*YOUR ASSIGNMENT*
With the pictures left out, retype exactly the lines below starting at the line that contains "Dinner's in The" and ending at the line that contains "成都帮信罪辩护关键点:从量刑到不起诉的实战策略".

######

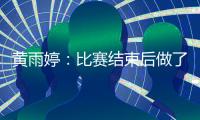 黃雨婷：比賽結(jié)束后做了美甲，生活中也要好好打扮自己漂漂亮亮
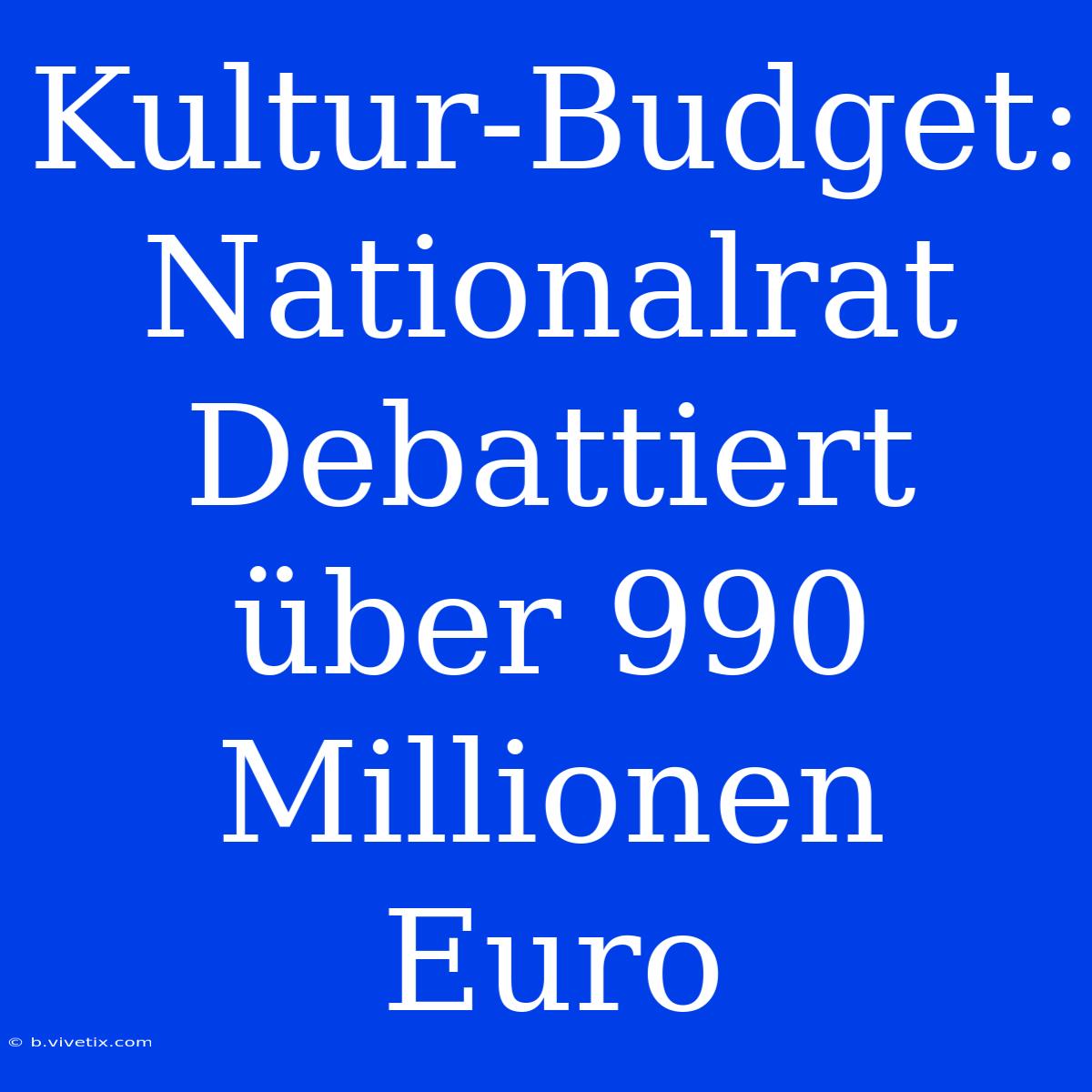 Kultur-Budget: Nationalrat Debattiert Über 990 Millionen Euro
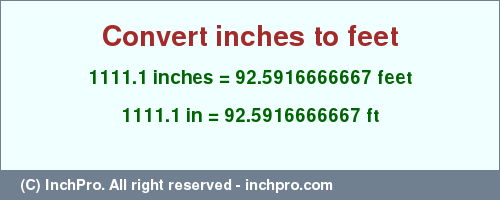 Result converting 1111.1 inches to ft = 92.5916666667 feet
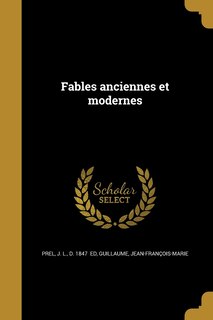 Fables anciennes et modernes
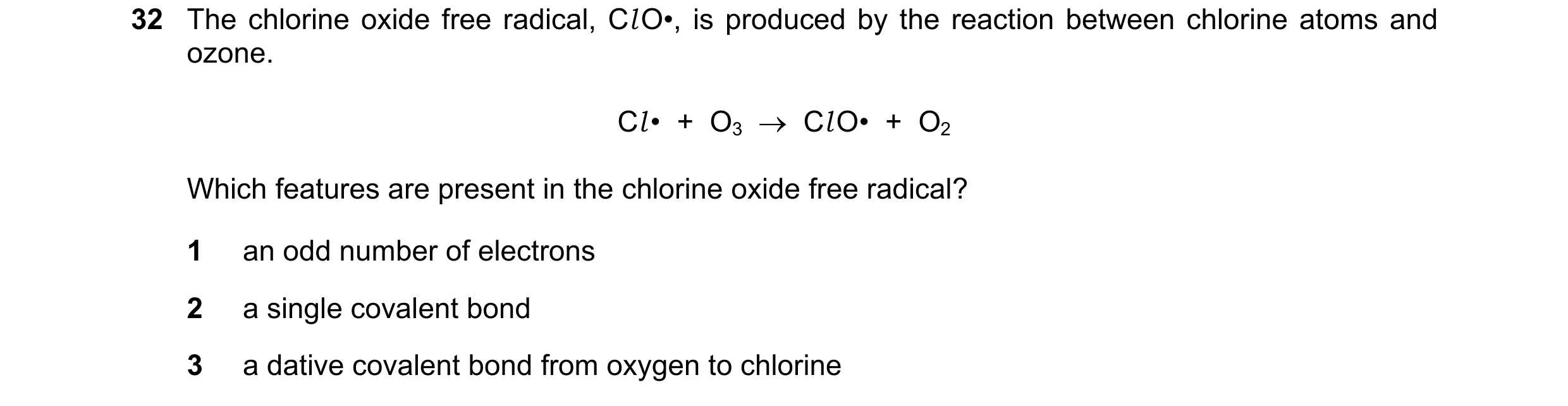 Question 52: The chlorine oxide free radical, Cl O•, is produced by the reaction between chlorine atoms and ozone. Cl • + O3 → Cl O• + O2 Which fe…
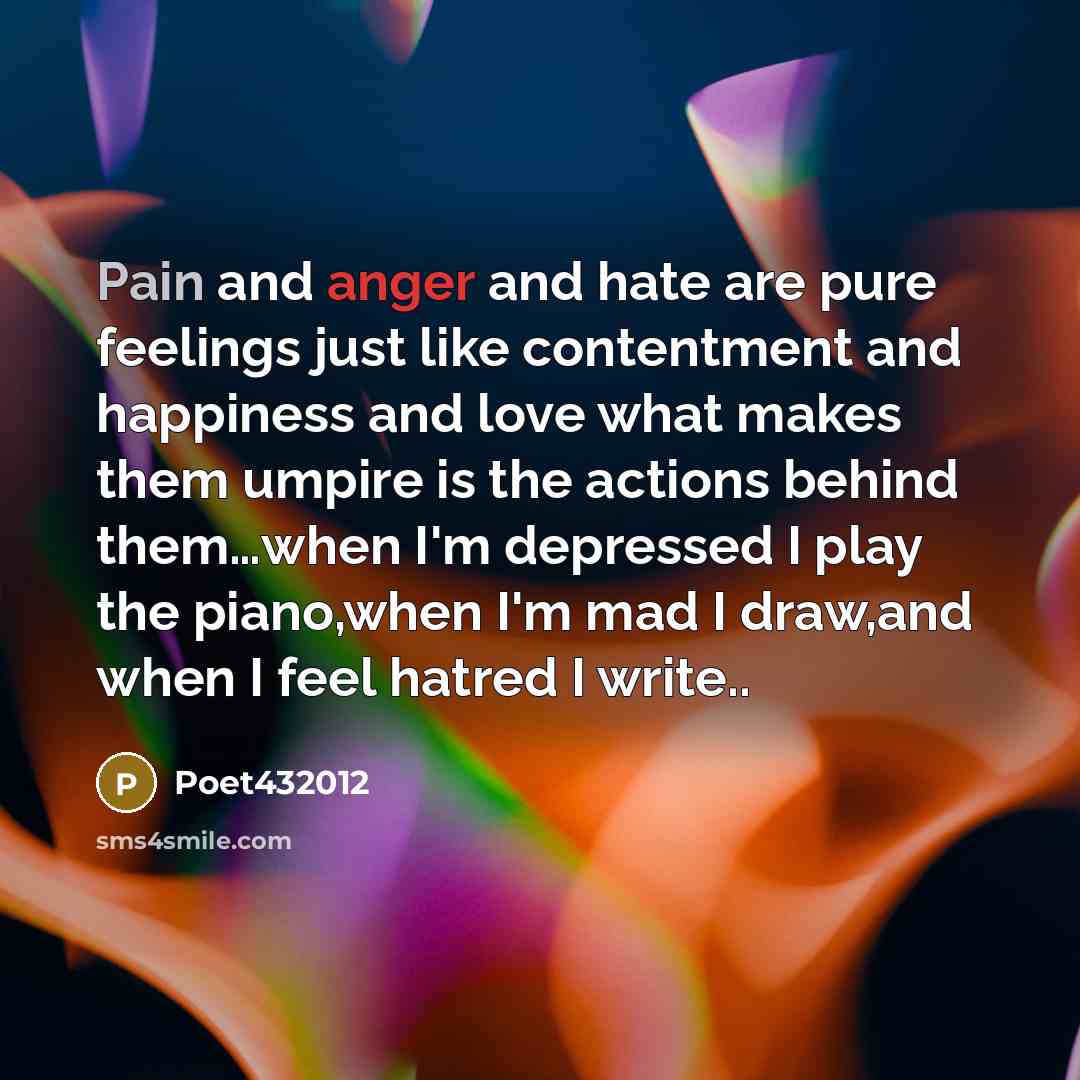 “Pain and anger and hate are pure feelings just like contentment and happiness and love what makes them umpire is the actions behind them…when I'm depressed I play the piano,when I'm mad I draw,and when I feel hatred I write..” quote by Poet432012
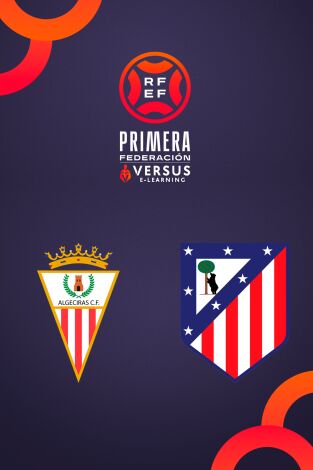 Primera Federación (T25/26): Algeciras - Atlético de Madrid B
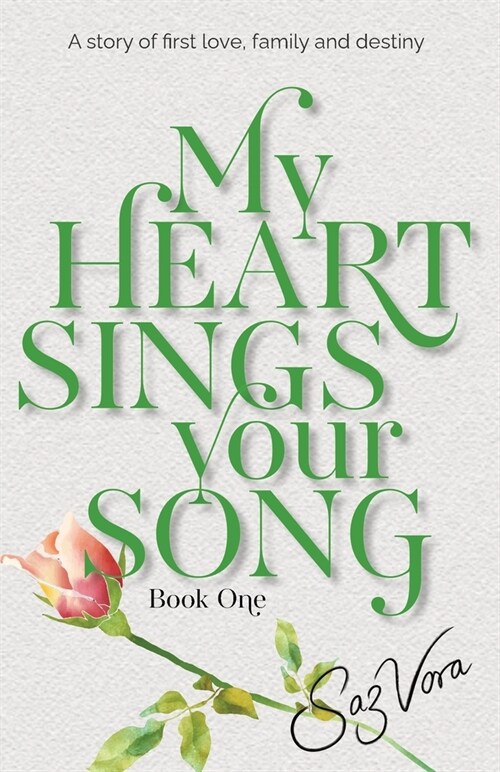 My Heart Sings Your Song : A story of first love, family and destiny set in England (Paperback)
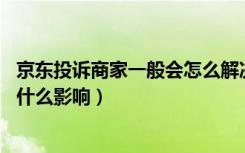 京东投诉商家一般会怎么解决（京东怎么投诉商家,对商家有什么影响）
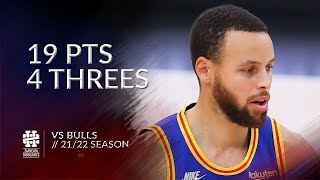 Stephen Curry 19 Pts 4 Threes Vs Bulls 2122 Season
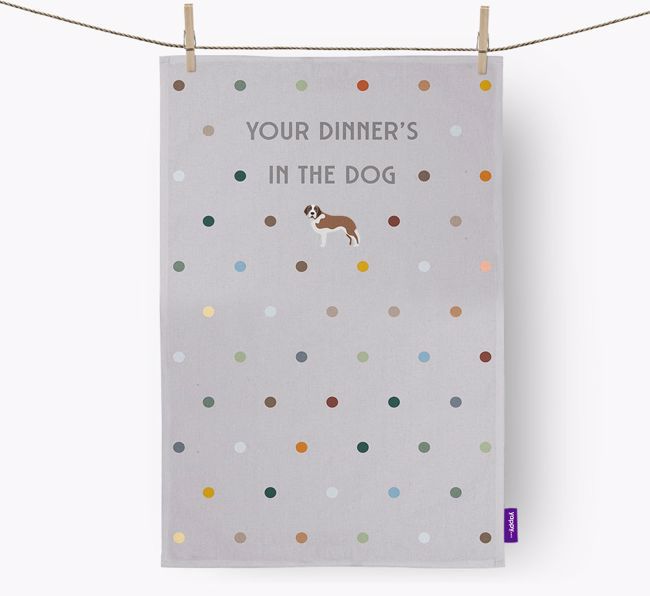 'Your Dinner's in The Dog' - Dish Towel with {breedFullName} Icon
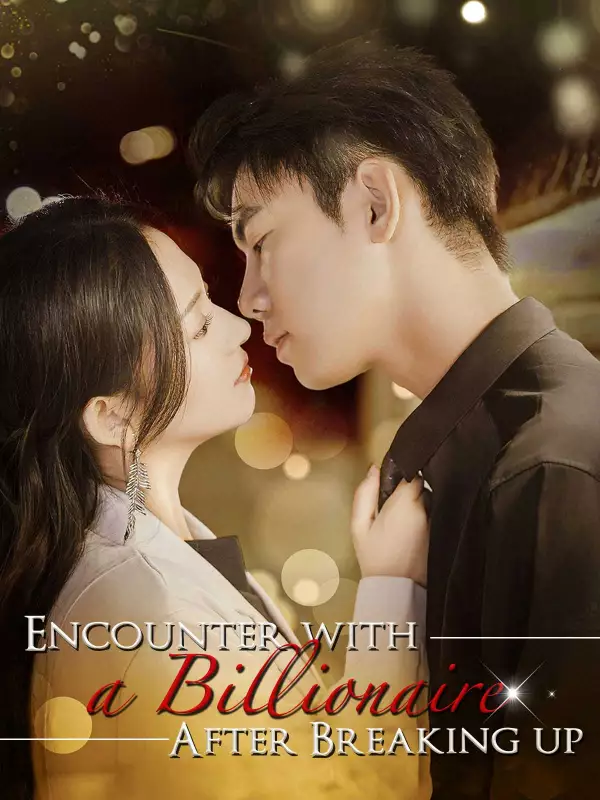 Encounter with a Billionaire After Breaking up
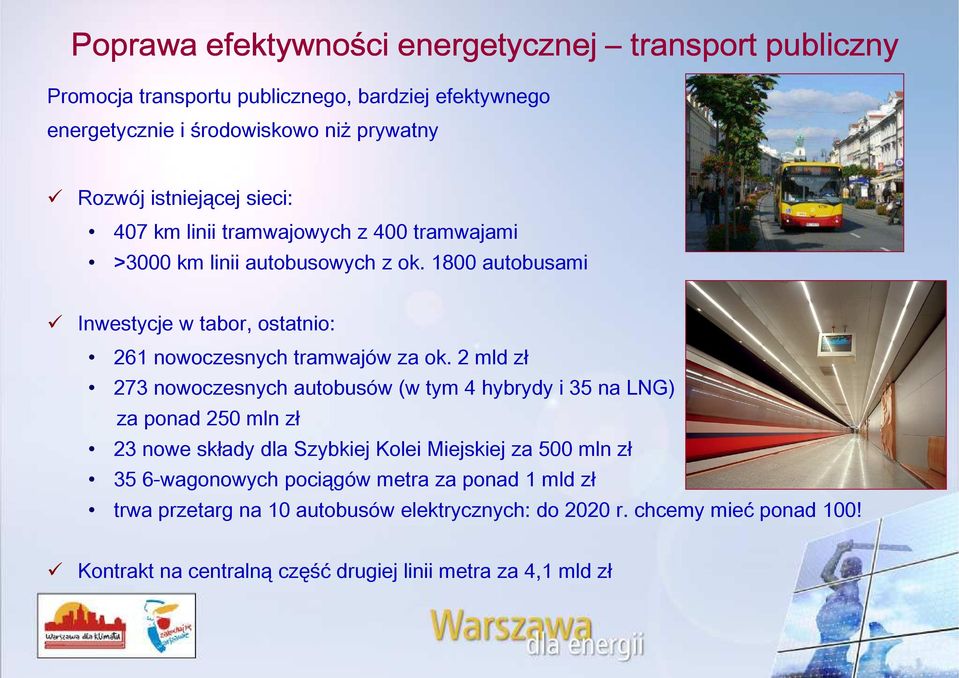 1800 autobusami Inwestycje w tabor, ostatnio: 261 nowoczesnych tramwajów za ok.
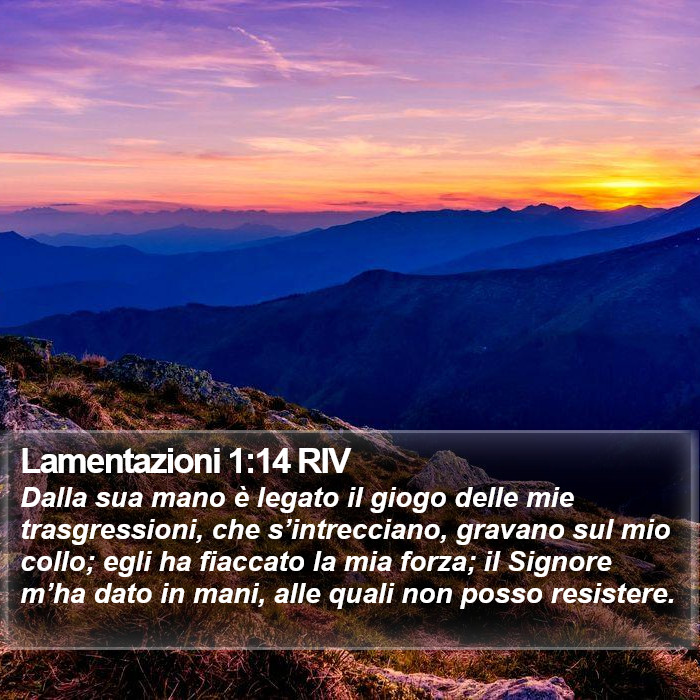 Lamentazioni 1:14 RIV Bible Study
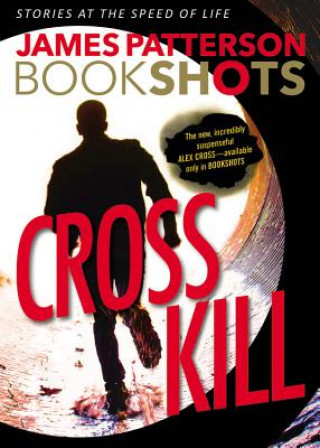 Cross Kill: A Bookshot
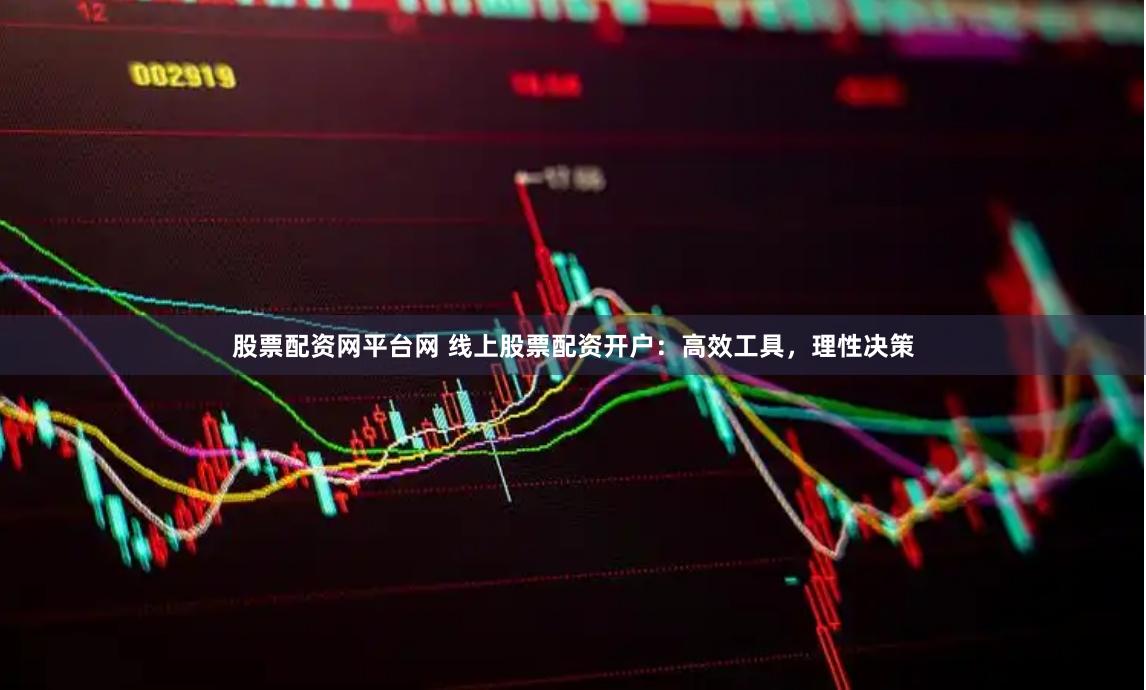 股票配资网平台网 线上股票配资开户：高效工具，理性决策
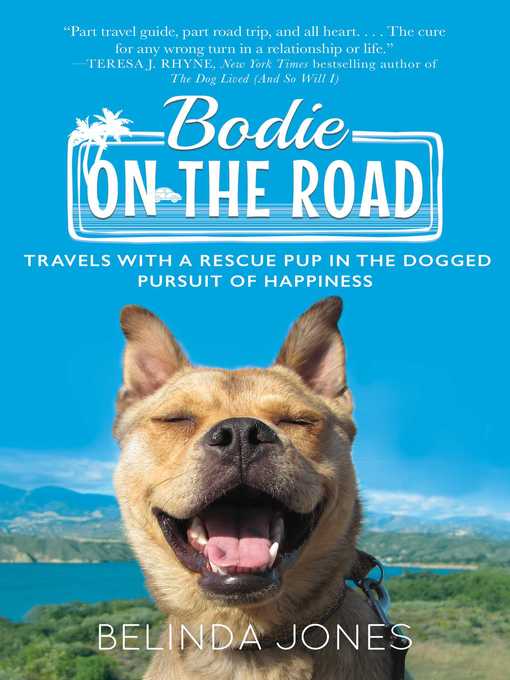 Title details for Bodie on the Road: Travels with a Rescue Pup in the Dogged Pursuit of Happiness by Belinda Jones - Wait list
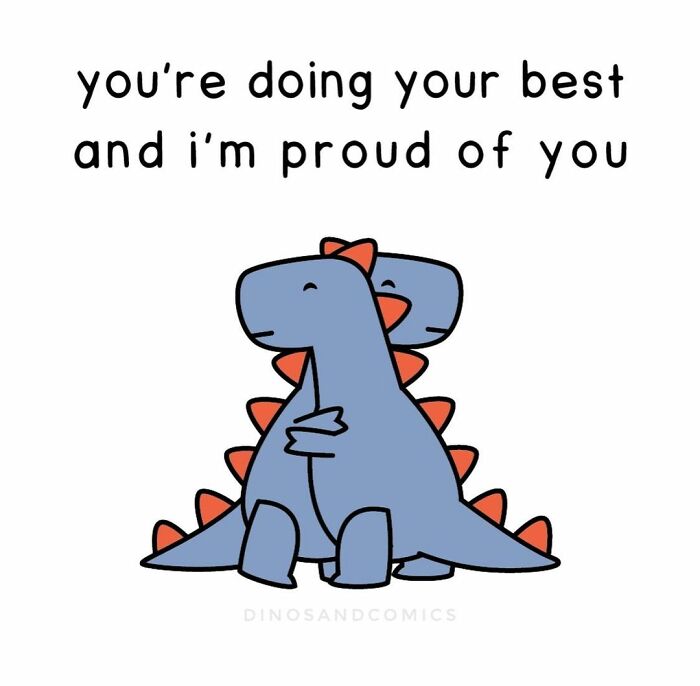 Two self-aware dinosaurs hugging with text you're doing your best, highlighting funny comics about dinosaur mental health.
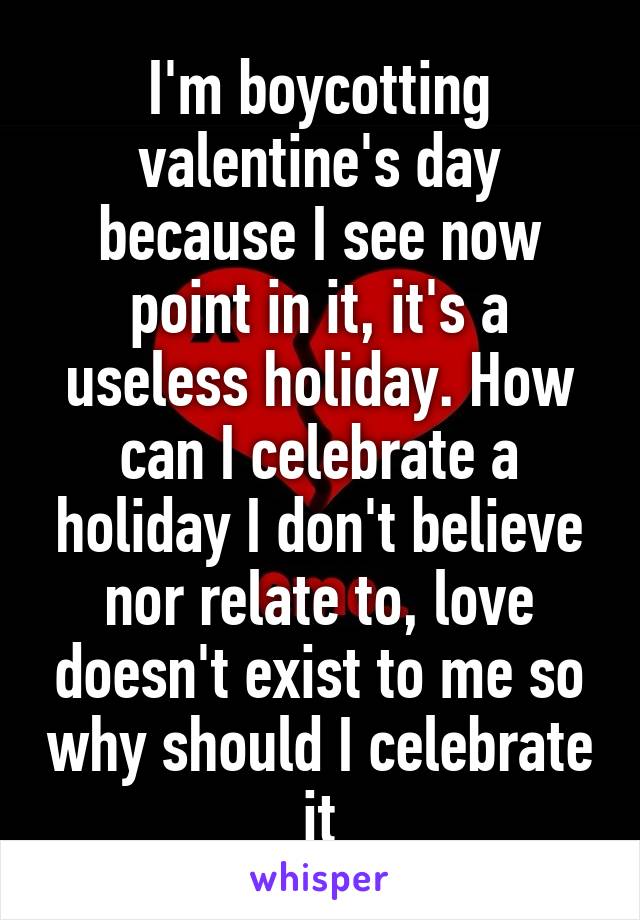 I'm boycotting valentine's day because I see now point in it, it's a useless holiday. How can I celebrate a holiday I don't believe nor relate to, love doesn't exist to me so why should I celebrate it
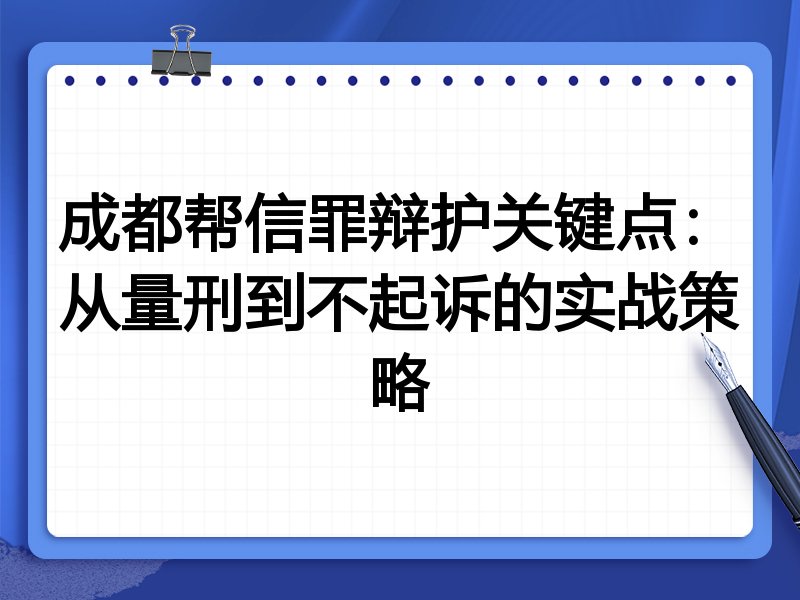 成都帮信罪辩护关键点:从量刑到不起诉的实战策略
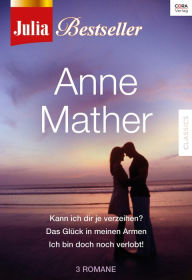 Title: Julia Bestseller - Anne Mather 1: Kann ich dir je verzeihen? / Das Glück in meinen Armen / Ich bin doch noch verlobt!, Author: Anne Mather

######

*YOUR RESPONSE*
 'Your Dinner's in The Dog' - Dish Towel with {breedFullName} Icon
 Encounter with a Billionaire After Breaking up
 1800 autobusami Inwestycje w tabor, ostatnio: 261 nowoczesnych tramwajów za ok.
 Lamentazioni 1:14 RIV Bible Study
 Cross Kill: A Bookshot
 股票配资网平台网 线上股票配资开户：高效工具，理性决策
 Title details for Bodie on the Road: Travels with a Rescue Pup in the Dogged Pursuit of Happiness by Belinda Jones - Wait list
 Two self-aware dinosaurs hugging with text you're doing your best, highlighting funny comics about dinosaur mental health.
 I'm boycotting valentine's day because I see now point in it, it's a useless holiday. How can I celebrate a holiday I don't believe nor relate to, love doesn't exist to me so why should I celebrate it
 成都帮信罪辩护关键点:从量刑到不起诉的实战策略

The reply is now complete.